* _SUPPLIED ENTRIES_:
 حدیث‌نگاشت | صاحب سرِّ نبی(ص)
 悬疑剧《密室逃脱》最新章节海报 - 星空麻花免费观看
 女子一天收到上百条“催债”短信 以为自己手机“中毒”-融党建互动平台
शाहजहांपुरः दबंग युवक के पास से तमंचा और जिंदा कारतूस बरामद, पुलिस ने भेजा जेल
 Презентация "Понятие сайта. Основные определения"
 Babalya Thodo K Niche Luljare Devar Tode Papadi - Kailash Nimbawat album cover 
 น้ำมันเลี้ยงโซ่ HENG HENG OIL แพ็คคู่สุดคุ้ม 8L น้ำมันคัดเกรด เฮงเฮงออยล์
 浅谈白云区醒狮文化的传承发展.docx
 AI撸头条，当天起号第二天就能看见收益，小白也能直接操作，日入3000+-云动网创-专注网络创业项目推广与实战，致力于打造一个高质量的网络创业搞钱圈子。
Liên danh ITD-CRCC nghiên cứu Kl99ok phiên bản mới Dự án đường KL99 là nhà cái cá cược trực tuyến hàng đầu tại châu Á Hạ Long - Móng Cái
==
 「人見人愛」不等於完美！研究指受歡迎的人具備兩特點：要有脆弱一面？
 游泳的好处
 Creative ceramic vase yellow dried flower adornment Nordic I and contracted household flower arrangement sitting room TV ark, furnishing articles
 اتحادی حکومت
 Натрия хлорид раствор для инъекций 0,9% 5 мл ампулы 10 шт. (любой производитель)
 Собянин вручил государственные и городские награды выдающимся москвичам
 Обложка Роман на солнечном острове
---
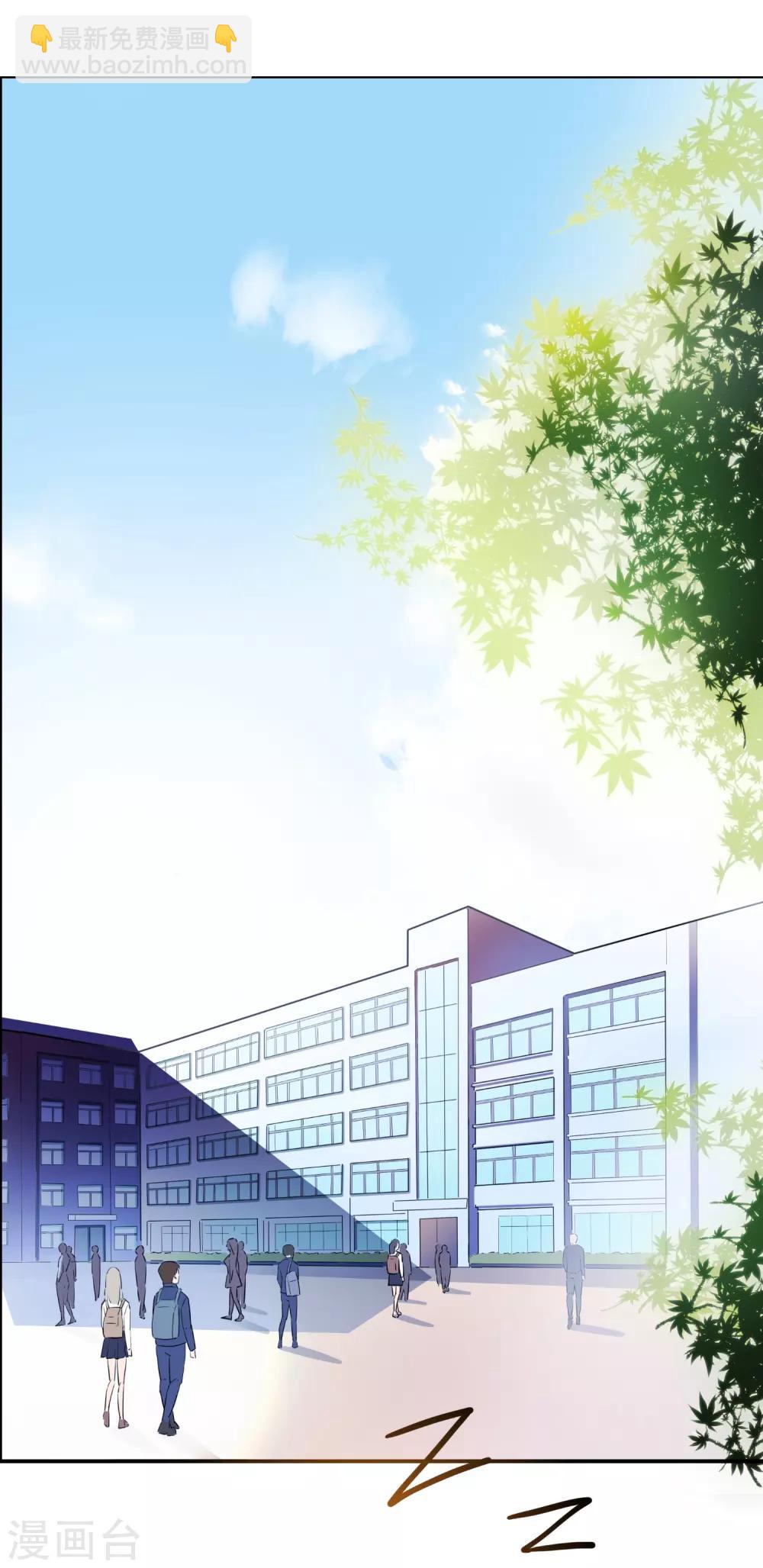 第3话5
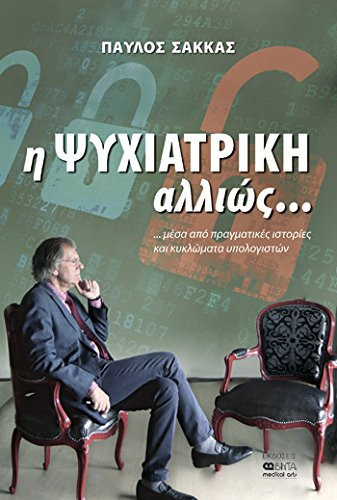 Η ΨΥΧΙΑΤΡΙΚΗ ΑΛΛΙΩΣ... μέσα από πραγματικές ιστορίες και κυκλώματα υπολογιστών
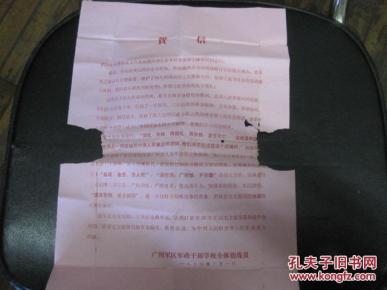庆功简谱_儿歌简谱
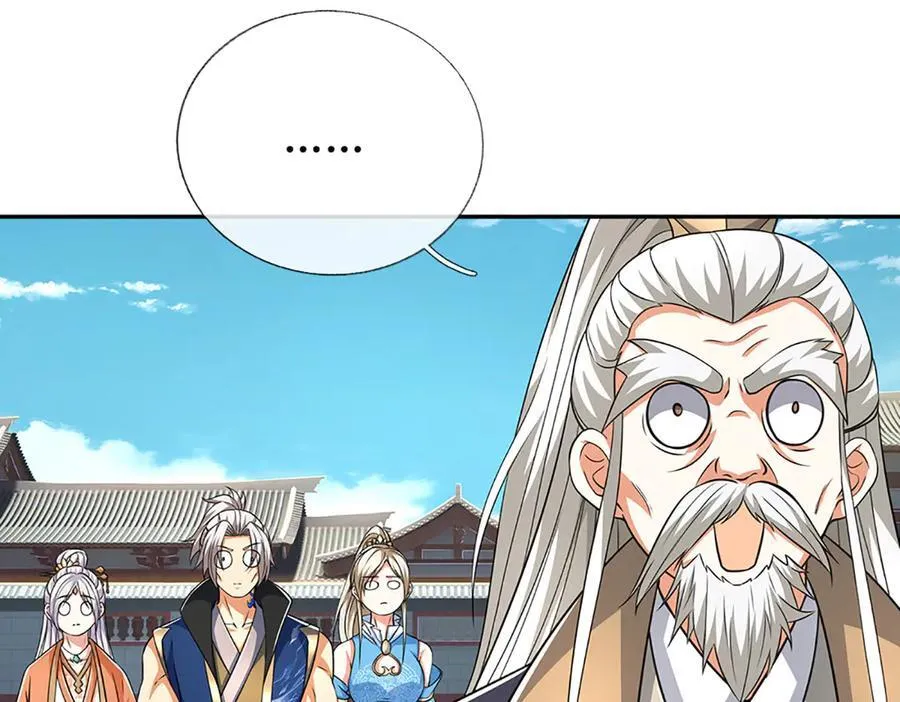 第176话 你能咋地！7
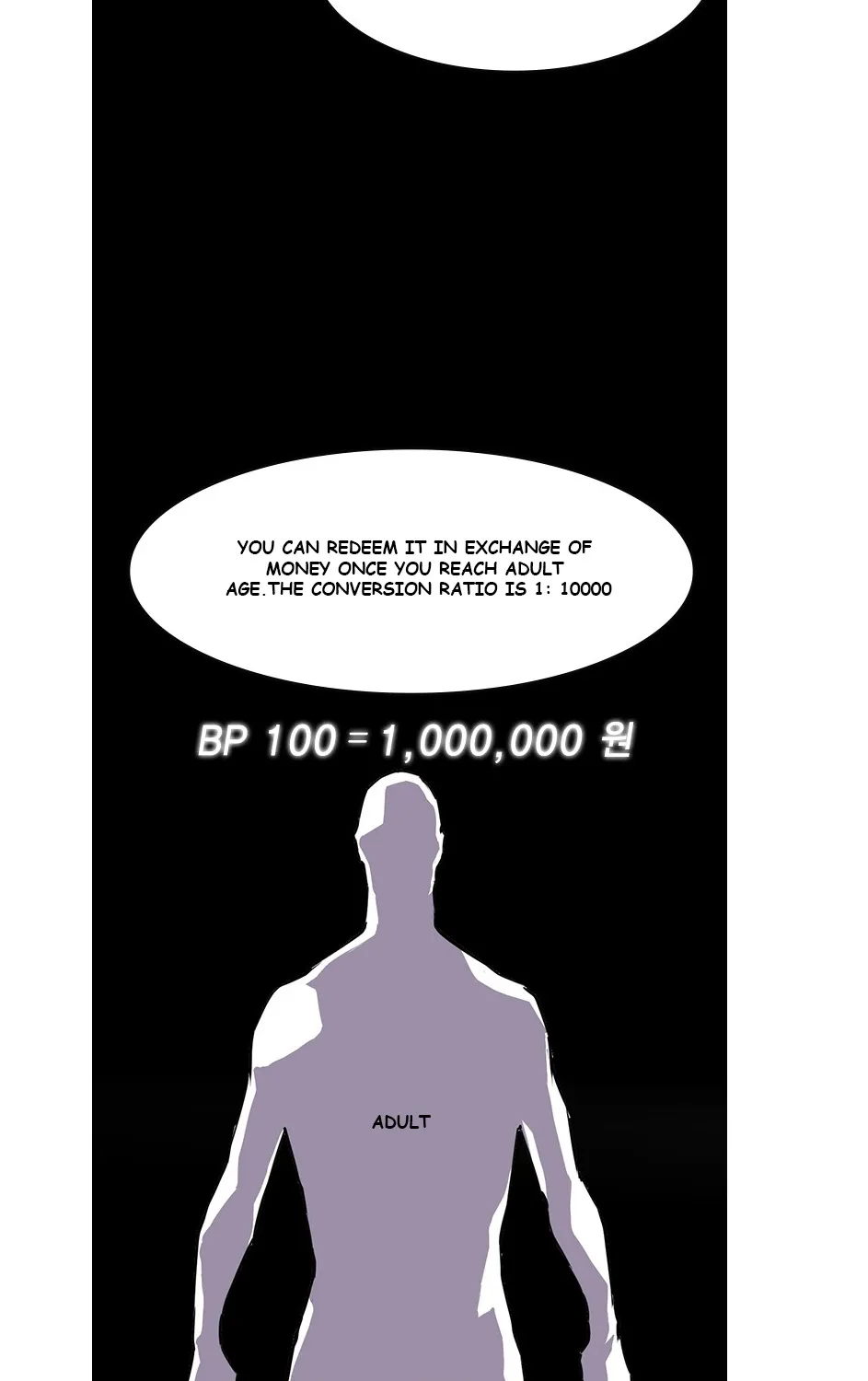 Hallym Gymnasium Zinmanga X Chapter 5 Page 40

* _WORK ITEM_: Begin at the line above that has "حدیث‌نگاشت | صاحب سرِّ نبی(ص)" and stop after the line that has "Liên danh ITD-CRCC", copying each line exactly and adding nothing else.

* _ANSWER SECTION_:
 حدیث‌نگاشت | صاحب سرِّ نبی(ص)
 悬疑剧《密室逃脱》最新章节海报 - 星空麻花免费观看
 女子一天收到上百条“催债”短信 以为自己手机“中毒”-融党建互动平台
शाहजहांपुरः दबंग युवक के पास से तमंचा और जिंदा कारतूस बरामद, पुलिस ने भेजा जेल
 Презентация "Понятие сайта. Основные определения"
 Babalya Thodo K Niche Luljare Devar Tode Papadi - Kailash Nimbawat album cover 
 น้ำมันเลี้ยงโซ่ HENG HENG OIL แพ็คคู่สุดคุ้ม 8L น้ำมันคัดเกรด เฮงเฮงออยล์
 浅谈白云区醒狮文化的传承发展.docx
 AI撸头条，当天起号第二天就能看见收益，小白也能直接操作，日入3000+-云动网创-专注网络创业项目推广与实战，致力于打造一个高质量的网络创业搞钱圈子。
Liên danh ITD-CRCC nghiên cứu Kl99ok phiên bản mới Dự án đường KL99 là nhà cái cá cược trực tuyến hàng đầu tại châu Á Hạ Long - Móng Cái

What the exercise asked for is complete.